Give back, word for word, the line that contains "this 1110×625 image." and all lines after it in the material, through the last; please include only these.
- Opening Delimiter -
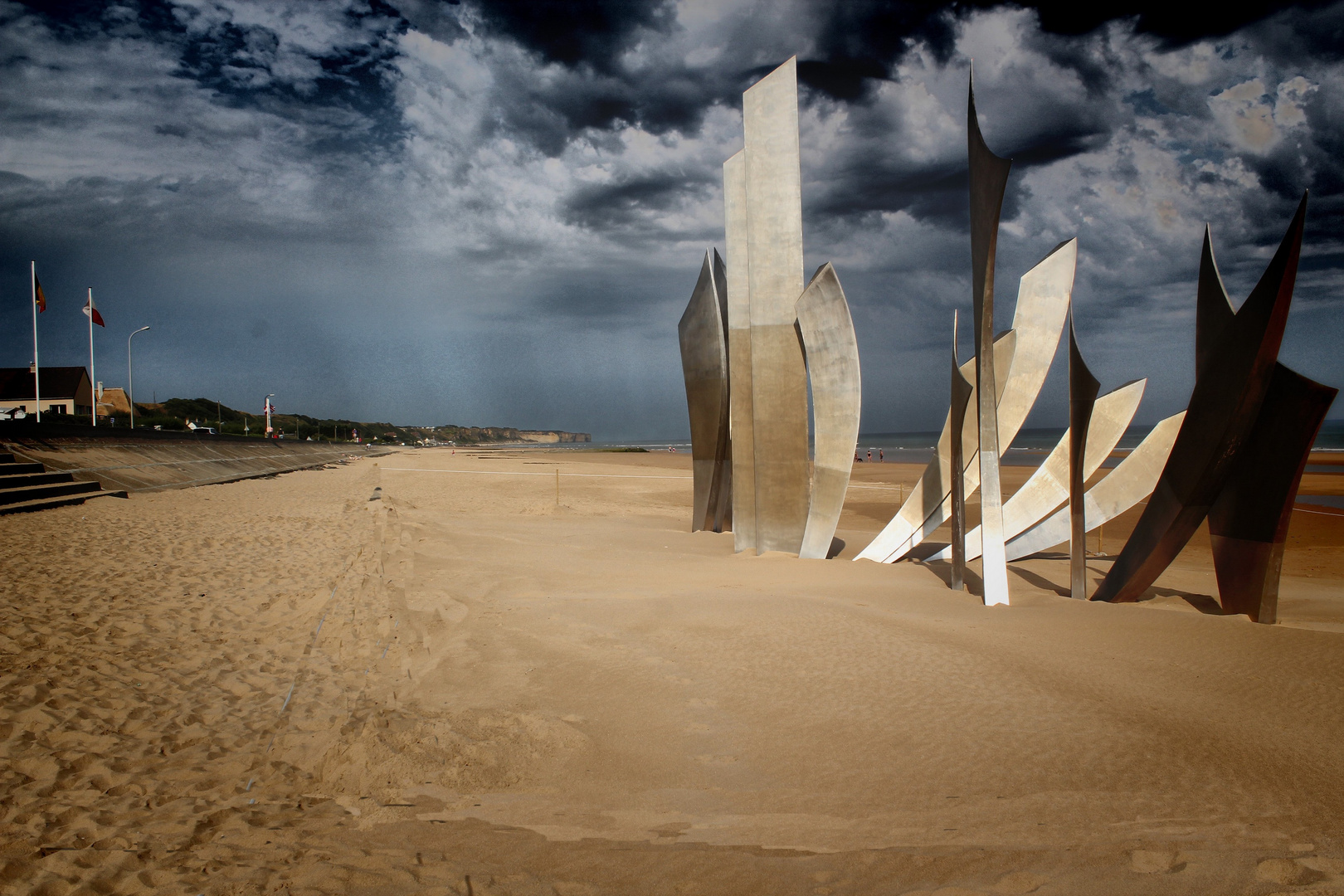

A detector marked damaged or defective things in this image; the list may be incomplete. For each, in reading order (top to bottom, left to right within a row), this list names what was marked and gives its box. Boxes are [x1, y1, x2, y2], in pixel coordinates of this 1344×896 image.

rusted dark metal blade [1096, 193, 1306, 606]
rusted dark metal blade [1210, 363, 1333, 623]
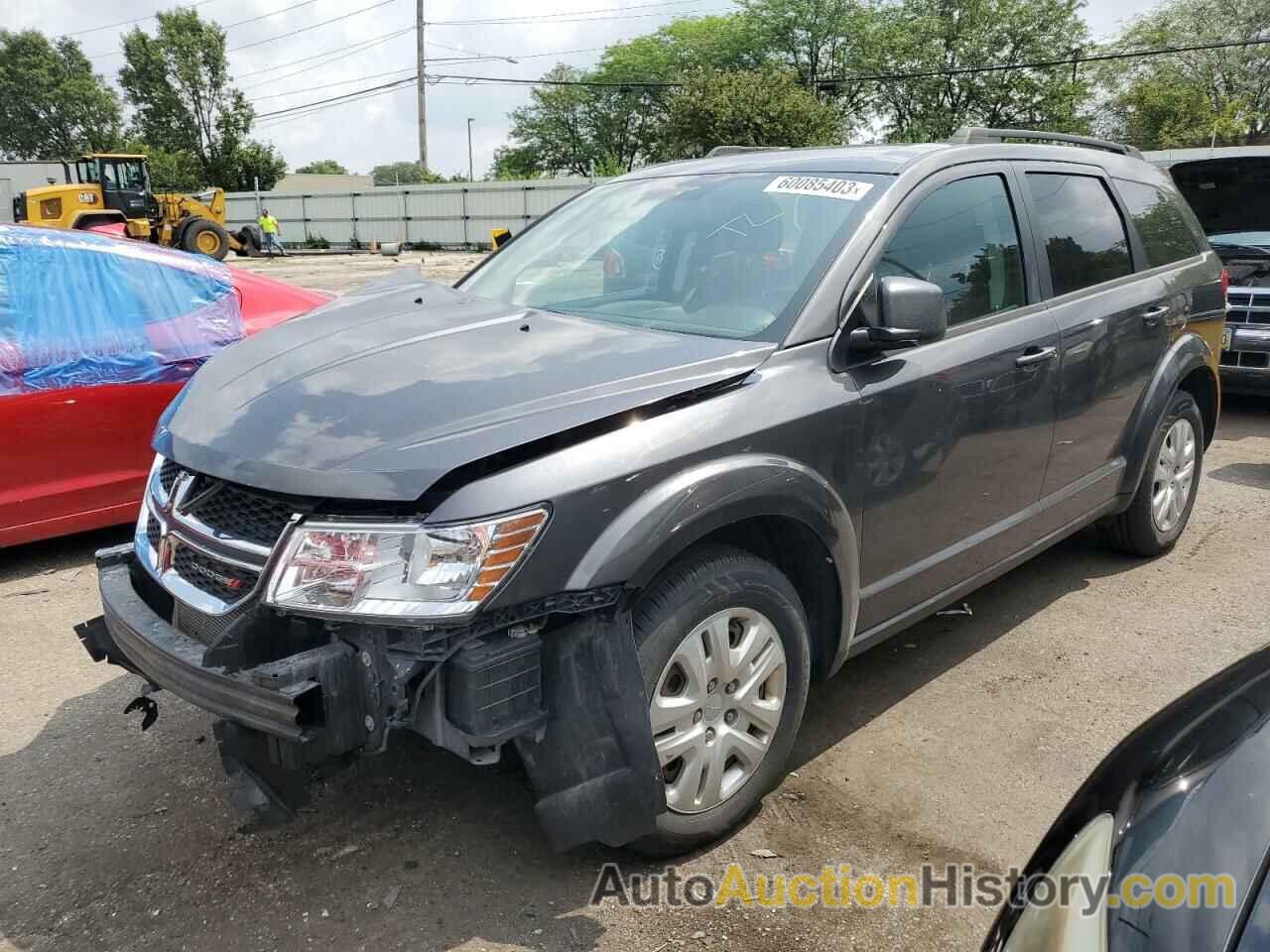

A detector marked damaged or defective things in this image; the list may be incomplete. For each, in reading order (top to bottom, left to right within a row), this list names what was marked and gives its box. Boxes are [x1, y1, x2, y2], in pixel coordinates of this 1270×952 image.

crumpled hood [159, 279, 772, 502]
damaged front bumper [73, 542, 665, 848]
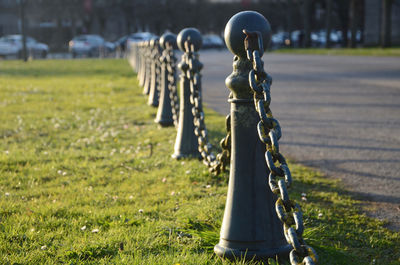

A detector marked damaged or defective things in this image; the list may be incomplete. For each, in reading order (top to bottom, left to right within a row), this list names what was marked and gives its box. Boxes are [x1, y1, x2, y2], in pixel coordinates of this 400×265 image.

rusty chain link [163, 42, 180, 127]
rusty chain link [184, 39, 231, 175]
rusty chain link [244, 29, 318, 264]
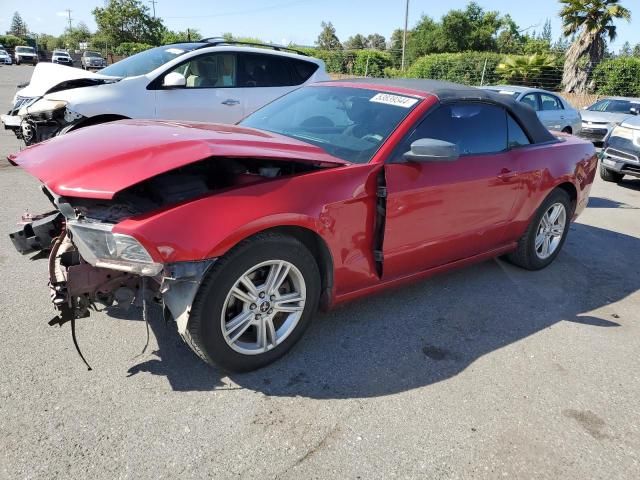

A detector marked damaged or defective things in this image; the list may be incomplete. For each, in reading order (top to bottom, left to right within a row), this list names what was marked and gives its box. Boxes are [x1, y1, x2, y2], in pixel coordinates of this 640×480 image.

crumpled hood [17, 62, 120, 99]
crumpled hood [10, 120, 348, 199]
exposed headlight assembly [66, 220, 162, 276]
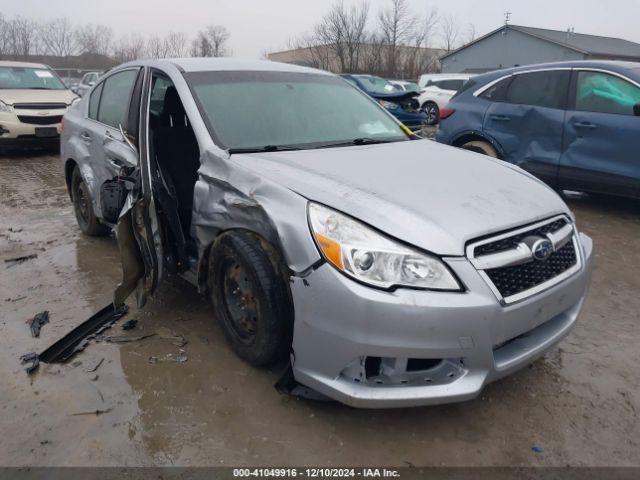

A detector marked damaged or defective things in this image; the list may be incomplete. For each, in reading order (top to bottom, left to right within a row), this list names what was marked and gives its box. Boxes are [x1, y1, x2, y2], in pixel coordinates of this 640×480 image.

exposed car interior [149, 73, 201, 256]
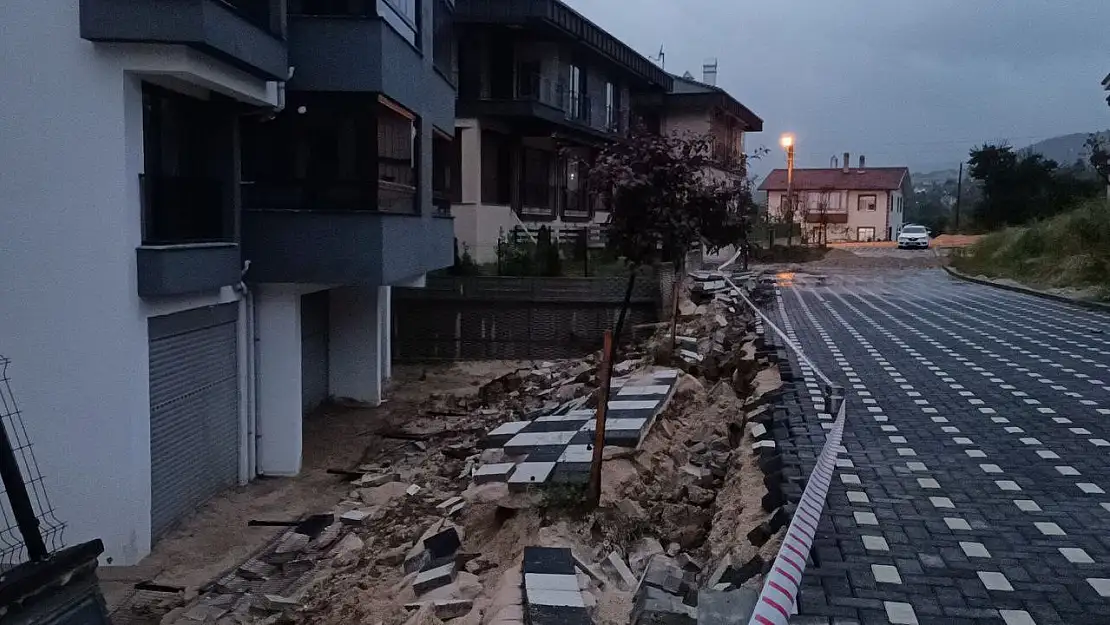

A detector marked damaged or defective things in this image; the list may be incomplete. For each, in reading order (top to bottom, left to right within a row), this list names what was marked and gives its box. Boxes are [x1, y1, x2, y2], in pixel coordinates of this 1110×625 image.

rusty metal post [590, 333, 617, 508]
broken concrete block [412, 561, 455, 595]
broken concrete block [603, 552, 639, 590]
broken concrete block [630, 537, 661, 577]
broken concrete block [634, 586, 692, 625]
broken concrete block [697, 590, 759, 621]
- Closing Delimiter -
#### [Answer to this problem]
A detector marked damaged or defective things in this image; the list may be incomplete. For each, in reading order (top to bottom, left to right within a row), this list names what was marked and gives its box. Boxes are [x1, y1, x2, y2], in pixel coordinates of this 1110×625 image.

rusty metal post [590, 333, 617, 508]
broken concrete block [412, 561, 455, 595]
broken concrete block [603, 552, 639, 590]
broken concrete block [630, 537, 661, 577]
broken concrete block [634, 586, 692, 625]
broken concrete block [697, 590, 759, 621]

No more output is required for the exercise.